YOUR TASK
Beginning at the line that contains "FIAT KOBELCO FB100 - Retroescavadeira: foto 4 FIAT", output each line exactly through the end of the records, and drop any pictures.

[Stored items from a collection]
+++

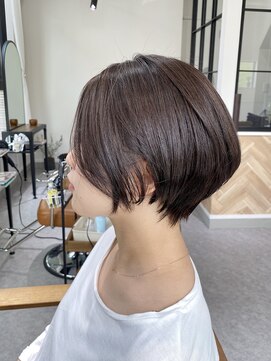 コノ(cono) ナチュラルショートボブ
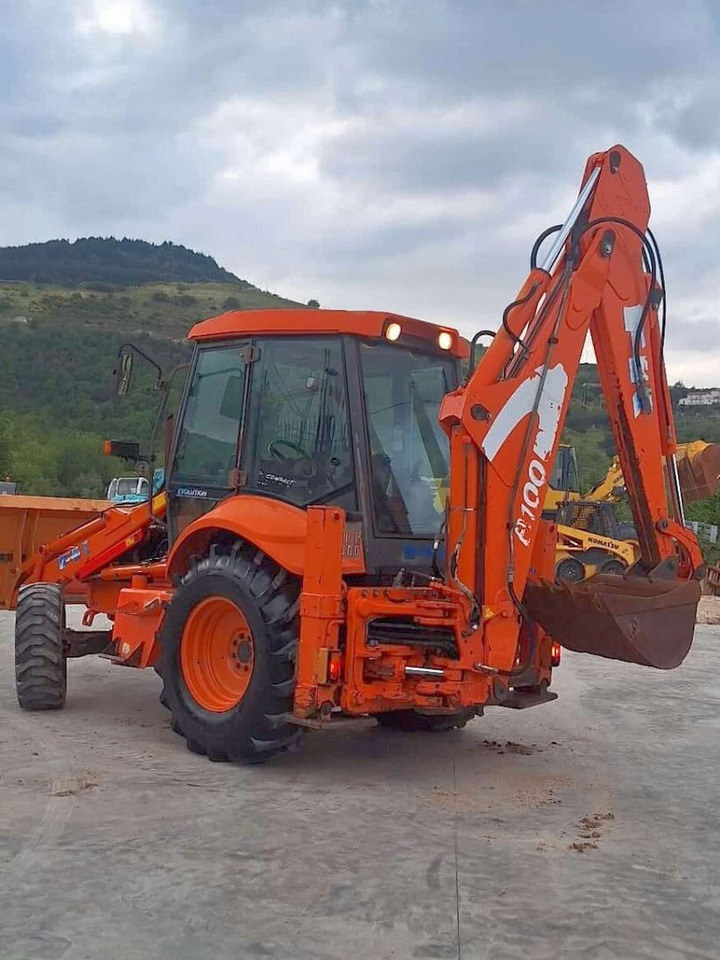 FIAT KOBELCO FB100 - Retroescavadeira: foto 4 FIAT KOBELCO FB100 - Retroescavadeira: foto 4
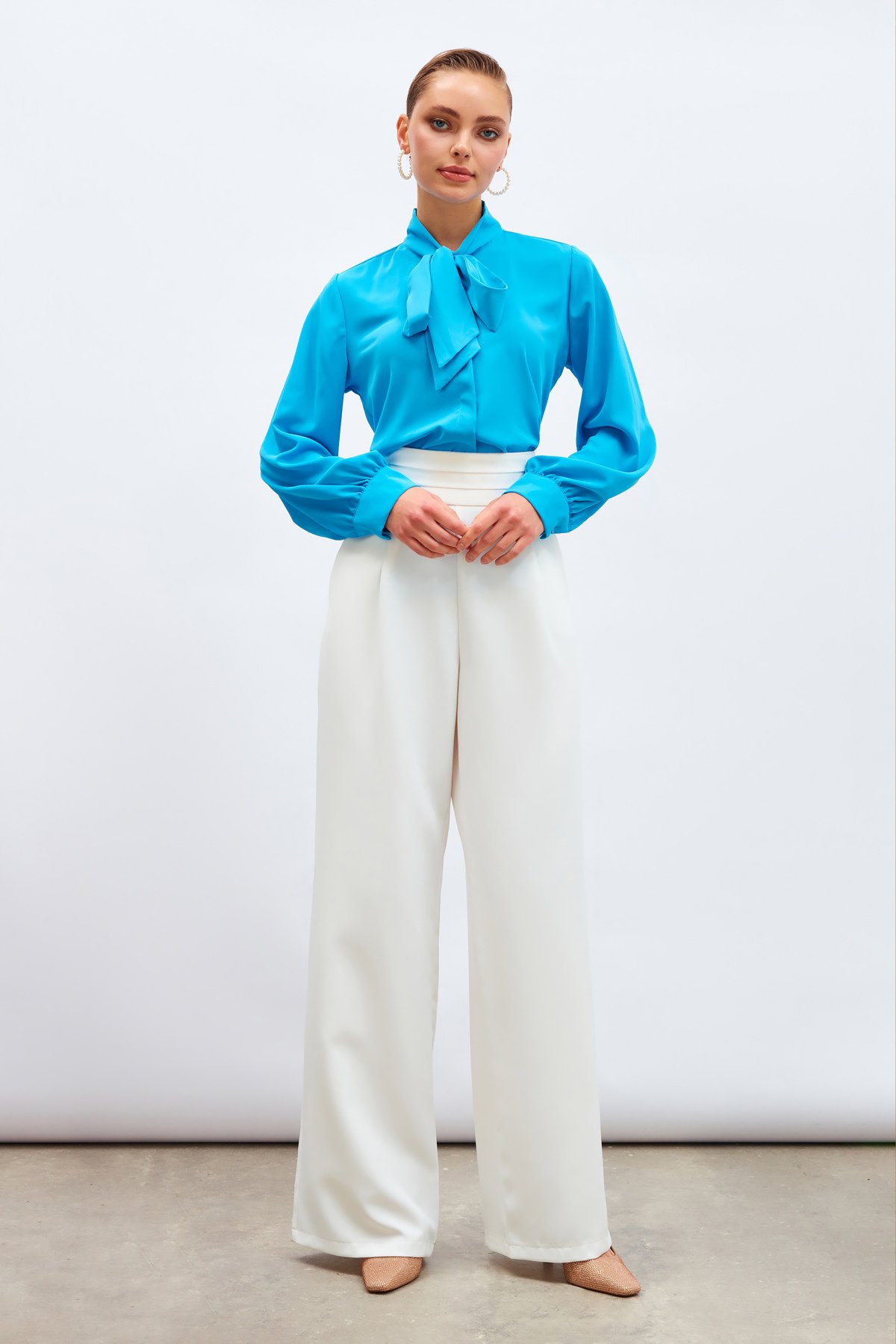 tie-collar shirt - BLUES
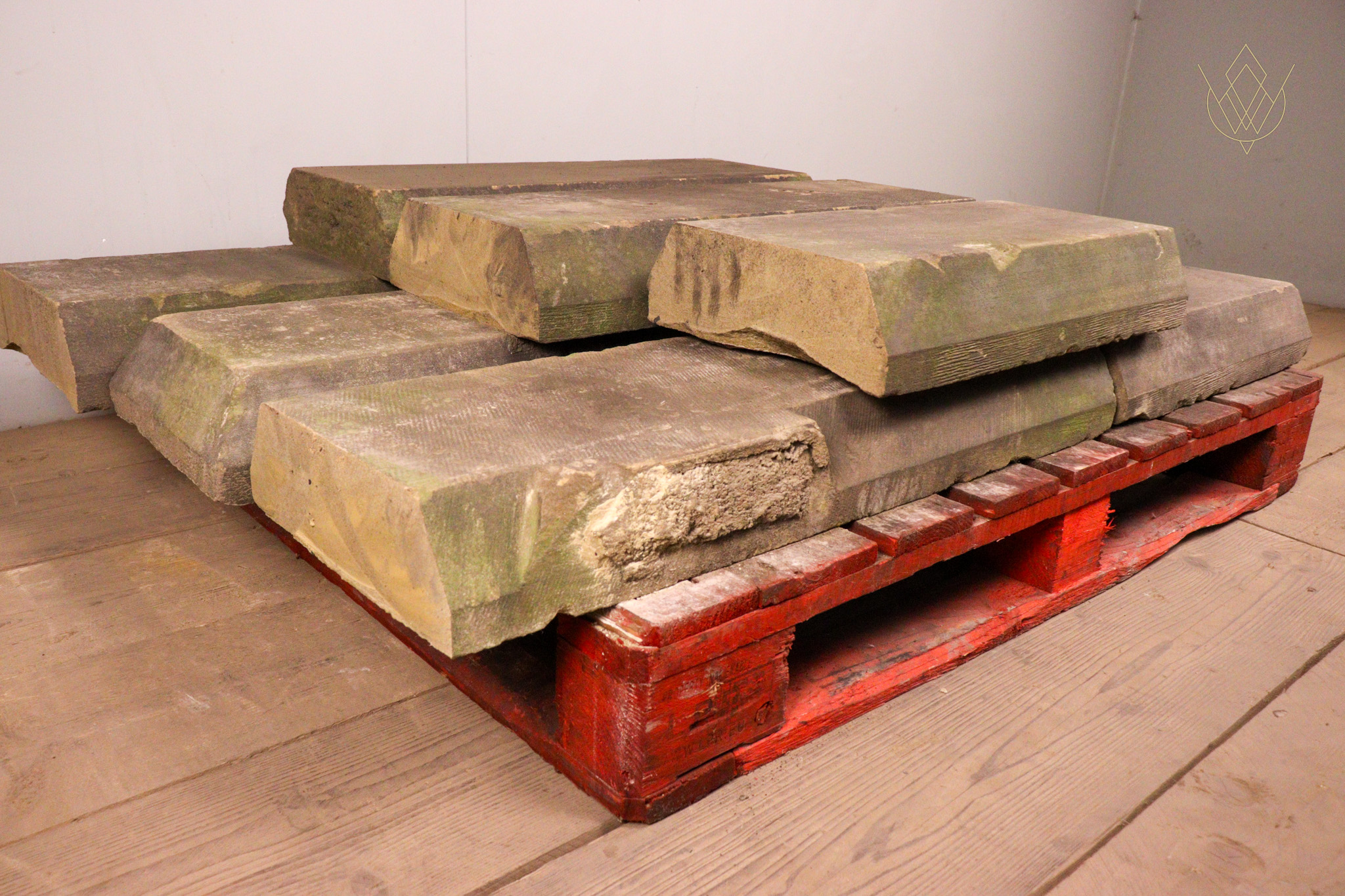 20.4ft - 12" x 4" Reclaimed 5 Sided Sandstone Coping Stones - WM12329 - Image 7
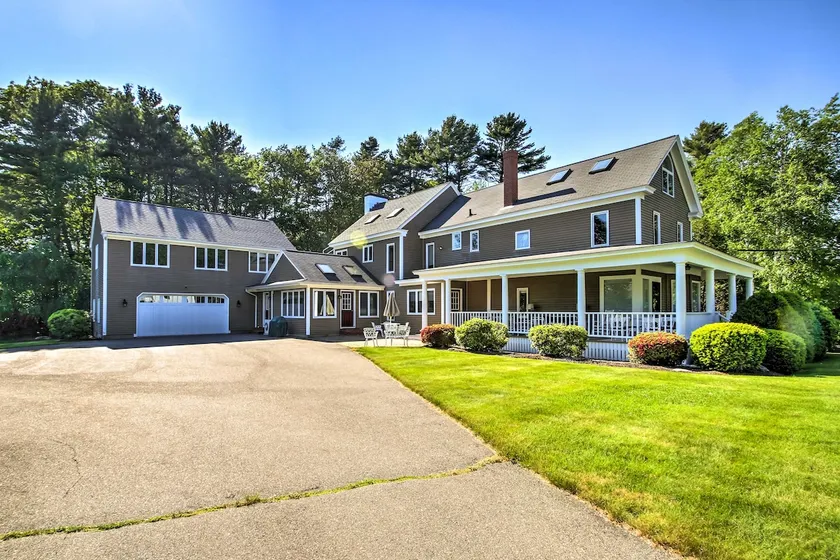 Large Kennebunk Home, Walk to Beach < 2 Mi to Town - Image 1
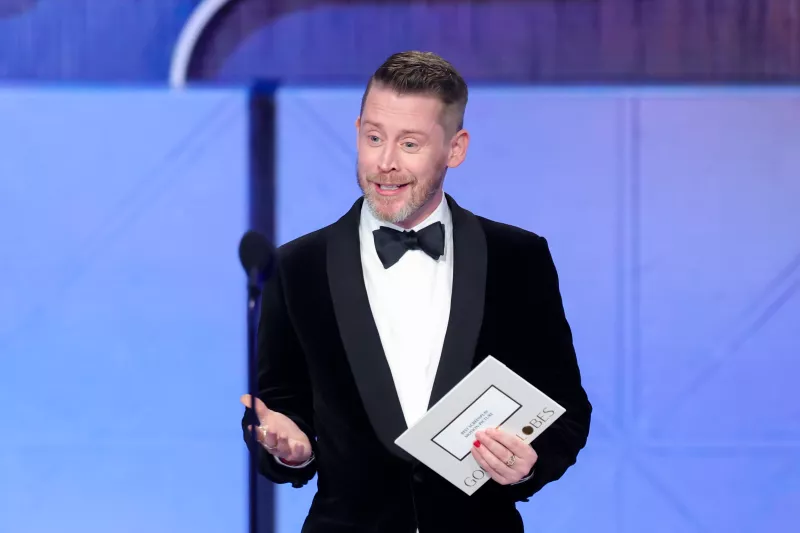 83rd Annual Golden Globes - Inside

+++

EXERCISE SOLUTION
 FIAT KOBELCO FB100 - Retroescavadeira: foto 4 FIAT KOBELCO FB100 - Retroescavadeira: foto 4
 tie-collar shirt - BLUES
 20.4ft - 12" x 4" Reclaimed 5 Sided Sandstone Coping Stones - WM12329 - Image 7
 Large Kennebunk Home, Walk to Beach < 2 Mi to Town - Image 1
 83rd Annual Golden Globes - Inside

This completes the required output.